Ortaklarımız yeteneklerine göre katkı sağlıyor. İyi araba kullanıyorsan şoför oluyorsun. Diğeri iyi çay demliyorsa çay ocağına geçiyor, biri unlu mamullerde becerili, bağ bahçeden anlayan oraya gidiyor, salçayı güzel yapıyorsa ona yönleniyor.

Türkiye’de kooperatifçiliğin durumunu nasıl görüyorsunuz?

Yapı ve taşımacılık kooperatiflerinde çok suistimal yaşanmış. Ondan dolayı kooperatifler üzerinde, yenilen, sömürülen bir yer algısı oluşmuş. Ama, alttan gelen kadın ve üretim kooperatiflerinin niteliğine baktığımızda bu mantığın değiştiğini, düzelmeye başladığını düşünüyorum. Şeffaflık ve dayanışma üzerine kurulan yerler, demokratik yerler kooperatifler. Böyle yönetildiği zaman sıkıntı yaşanmıyor.

Devrek Güneşi’ni önümüzdeki beş yıl içinde nerede görüyorsunuz?

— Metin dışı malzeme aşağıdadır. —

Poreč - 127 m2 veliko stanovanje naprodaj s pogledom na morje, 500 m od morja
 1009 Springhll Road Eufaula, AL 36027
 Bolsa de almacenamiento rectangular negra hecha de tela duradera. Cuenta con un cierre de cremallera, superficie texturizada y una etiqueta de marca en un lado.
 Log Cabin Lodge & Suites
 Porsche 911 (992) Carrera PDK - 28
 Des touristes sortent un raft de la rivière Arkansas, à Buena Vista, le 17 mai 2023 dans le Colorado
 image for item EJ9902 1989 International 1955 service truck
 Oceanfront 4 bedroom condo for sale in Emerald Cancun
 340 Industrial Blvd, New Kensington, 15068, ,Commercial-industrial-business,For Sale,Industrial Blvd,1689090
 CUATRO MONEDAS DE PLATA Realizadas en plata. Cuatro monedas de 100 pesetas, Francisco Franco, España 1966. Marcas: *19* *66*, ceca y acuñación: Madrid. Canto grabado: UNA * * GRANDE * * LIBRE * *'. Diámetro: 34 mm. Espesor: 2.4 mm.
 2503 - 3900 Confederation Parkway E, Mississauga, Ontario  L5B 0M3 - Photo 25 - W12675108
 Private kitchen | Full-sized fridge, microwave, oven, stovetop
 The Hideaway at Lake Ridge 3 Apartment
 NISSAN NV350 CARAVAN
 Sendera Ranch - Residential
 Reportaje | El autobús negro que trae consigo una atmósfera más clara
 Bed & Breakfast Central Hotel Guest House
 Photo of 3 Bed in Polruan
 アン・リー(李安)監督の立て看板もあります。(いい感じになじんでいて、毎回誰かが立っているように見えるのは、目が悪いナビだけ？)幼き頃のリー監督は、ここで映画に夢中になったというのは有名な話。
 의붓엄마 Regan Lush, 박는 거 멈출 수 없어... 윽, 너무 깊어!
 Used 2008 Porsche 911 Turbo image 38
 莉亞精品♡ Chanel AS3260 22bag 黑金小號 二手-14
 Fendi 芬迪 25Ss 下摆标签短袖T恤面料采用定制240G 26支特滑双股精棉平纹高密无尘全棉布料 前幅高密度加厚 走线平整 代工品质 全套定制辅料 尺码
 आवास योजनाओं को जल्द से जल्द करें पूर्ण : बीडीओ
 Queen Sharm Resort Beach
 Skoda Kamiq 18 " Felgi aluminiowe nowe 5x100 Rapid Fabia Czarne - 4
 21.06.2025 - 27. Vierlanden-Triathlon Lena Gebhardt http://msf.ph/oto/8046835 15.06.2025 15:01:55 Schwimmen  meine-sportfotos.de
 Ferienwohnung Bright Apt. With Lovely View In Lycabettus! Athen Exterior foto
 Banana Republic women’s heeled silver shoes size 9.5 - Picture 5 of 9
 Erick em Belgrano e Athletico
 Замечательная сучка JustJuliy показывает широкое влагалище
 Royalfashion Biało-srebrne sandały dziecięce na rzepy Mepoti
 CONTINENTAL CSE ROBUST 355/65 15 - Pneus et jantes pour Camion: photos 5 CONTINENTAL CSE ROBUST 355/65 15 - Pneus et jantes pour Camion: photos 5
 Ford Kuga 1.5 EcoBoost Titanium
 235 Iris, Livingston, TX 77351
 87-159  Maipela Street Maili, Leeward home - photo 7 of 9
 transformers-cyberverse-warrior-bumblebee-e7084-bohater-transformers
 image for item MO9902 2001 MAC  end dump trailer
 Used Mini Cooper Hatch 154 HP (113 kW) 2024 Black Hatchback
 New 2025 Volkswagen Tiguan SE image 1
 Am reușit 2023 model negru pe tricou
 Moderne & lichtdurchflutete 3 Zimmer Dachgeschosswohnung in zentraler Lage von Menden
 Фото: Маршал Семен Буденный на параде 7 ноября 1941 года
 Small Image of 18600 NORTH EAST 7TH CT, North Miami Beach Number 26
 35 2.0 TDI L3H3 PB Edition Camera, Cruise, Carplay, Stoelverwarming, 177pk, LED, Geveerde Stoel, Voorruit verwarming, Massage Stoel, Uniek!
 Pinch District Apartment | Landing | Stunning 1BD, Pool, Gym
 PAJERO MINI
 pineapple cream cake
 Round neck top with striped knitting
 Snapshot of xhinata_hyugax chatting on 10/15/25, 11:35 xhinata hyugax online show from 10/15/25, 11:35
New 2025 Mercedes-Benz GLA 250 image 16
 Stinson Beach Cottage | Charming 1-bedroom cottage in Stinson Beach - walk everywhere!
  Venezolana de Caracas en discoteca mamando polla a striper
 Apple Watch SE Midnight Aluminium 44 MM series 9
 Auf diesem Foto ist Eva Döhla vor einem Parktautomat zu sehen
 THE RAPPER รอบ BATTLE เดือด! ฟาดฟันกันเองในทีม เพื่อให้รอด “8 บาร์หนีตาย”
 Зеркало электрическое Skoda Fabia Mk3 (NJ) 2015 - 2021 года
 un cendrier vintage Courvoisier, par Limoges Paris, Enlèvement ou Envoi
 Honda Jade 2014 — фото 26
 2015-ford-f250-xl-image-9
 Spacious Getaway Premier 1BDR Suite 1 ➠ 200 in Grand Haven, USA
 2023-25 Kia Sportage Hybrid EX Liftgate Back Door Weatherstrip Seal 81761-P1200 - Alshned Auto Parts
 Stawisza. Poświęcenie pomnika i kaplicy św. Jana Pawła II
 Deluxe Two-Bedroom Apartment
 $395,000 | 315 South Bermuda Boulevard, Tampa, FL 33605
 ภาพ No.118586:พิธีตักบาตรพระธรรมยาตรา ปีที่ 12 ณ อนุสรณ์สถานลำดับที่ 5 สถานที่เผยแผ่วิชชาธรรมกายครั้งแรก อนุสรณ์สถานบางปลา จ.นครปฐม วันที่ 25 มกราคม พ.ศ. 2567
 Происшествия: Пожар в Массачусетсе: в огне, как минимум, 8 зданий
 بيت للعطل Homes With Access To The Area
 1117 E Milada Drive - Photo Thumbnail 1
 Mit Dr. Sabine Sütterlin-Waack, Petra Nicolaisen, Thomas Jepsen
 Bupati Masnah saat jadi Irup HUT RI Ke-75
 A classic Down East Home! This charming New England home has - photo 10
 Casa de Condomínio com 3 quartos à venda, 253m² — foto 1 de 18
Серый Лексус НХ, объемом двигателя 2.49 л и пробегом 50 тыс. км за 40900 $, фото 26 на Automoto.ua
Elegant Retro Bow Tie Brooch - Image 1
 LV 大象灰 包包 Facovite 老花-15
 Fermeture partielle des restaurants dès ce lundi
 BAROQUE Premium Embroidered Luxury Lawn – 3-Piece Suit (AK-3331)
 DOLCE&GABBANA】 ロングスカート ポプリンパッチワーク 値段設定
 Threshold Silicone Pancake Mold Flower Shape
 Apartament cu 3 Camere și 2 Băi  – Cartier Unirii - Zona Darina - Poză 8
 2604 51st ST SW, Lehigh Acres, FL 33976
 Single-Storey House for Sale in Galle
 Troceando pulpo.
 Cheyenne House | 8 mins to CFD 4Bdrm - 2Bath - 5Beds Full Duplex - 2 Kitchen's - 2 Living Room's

Şu taş değirmen dönmeye başlasın, o zaman konuşalım. Bir sürü altyapı çalışması yaptık, üretim izinleri, ruhsatlar, belgeler aldık. Köydeki tesis ve merkez ile birlikte kooperatifin mevcut yatırımı 1.5 milyon TL. Değirmen dönecek, daha fazla buğday ekimi olacak, bu katlanır. Ayrıca meyve üreteceğiz, sera kuracağız, işte o zaman daha başka konuşabiliriz.